Credit Cards - Secrets to Increase Your Credit Score
If you have never received mail pre-approving you for a new credit card, you are in the minority. Most consumers have at least one credit card, and the statistics show that credit card debt is sharply on the rise. If you are deep in debt and are struggling to pay off your bills, you must come up with a financial plan and understand the fundamentals behind how the debt accrues.
Understanding how credit card debt impacts your financial health
Credit cards are great for quick and easy purchases without having to carry hordes of cash in your wallet. However, this quick and easy route often leads to impulse buying you can’t possibly hope to pay off anytime soon. Credit card companies know this, and allow you to only pay a minimum balance on your purchases. They hope you do this - the rest of your balance begins earning huge amounts of interest for them, often over 15%. In the blink of an eye, your debt balloons as interest is compounded onto interest.
All your credit cards and their balances are recorded on your credit report. The higher and balance and the more credit cards you have, the worse your credit score. Credit cards are listed as a revolving account, which means there is no end date for your credit loan - which is what a credit card is. Credit bureaus note how well you manage your monthly bills - credit card balances makes up about 30% of your credit score. Pay your bills off on time, and you will have a good credit score … mostly.
I Pay My Bills Off On Time, But My Credit Score is Still Low. What Gives?

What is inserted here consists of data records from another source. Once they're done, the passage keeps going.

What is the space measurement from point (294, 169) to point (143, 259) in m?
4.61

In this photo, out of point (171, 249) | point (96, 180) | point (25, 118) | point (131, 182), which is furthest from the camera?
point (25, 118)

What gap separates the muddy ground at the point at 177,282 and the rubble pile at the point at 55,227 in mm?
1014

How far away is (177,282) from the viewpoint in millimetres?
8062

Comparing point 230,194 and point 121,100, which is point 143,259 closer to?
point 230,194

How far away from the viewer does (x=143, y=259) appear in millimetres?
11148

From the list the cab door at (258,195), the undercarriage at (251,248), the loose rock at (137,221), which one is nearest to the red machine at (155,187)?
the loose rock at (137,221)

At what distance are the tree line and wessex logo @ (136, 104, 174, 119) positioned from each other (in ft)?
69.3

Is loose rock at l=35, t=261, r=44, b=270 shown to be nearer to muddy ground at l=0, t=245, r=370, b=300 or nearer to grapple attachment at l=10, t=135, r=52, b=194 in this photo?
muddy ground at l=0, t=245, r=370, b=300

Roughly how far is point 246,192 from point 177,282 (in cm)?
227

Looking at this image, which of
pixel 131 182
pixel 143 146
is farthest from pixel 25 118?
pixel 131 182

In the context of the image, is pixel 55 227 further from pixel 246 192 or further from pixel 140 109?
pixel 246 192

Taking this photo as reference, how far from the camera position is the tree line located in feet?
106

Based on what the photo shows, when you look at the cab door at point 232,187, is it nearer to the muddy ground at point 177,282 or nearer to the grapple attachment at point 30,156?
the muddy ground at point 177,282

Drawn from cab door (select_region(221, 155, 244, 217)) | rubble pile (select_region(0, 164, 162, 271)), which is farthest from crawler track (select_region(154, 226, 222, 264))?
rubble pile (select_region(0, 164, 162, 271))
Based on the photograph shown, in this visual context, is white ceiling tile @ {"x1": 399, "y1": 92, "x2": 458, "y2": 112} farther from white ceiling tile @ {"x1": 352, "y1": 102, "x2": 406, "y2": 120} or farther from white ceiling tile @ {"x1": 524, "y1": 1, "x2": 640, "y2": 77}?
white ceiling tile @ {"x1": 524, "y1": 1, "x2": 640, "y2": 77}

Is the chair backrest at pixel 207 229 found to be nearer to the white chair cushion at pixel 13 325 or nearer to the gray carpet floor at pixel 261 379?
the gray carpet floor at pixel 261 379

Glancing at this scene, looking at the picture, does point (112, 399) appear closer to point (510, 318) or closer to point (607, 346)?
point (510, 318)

The problem is that when credit card companies report your activity to the credit bureaus, some use two tactics to hurt your score. They are:
- They DO NOT report your credit limit - this is more so their competitors don’t see how they lend out their credit, not to hurt you
- They report your balance BEFORE your monthly amount is due
So, what happens if this is the case with your credit card company? Well, in a nutshell, bad things happen:
Not reporting your credit limit - If this is the case, the credit bureaus can not properly calculate your ratio of utilization. If the maximum amount you placed on your card was $2000, the credit bureau will believe your credit limit to be $2000. If you constantly rack up $1800 on your card, it looks like you are using 90% of your credit limit! For a healthy credit score, your credit card balances should be below 50% of your credit limit. By not reporting your credit limit, the credit card company is seriously dragging down your score.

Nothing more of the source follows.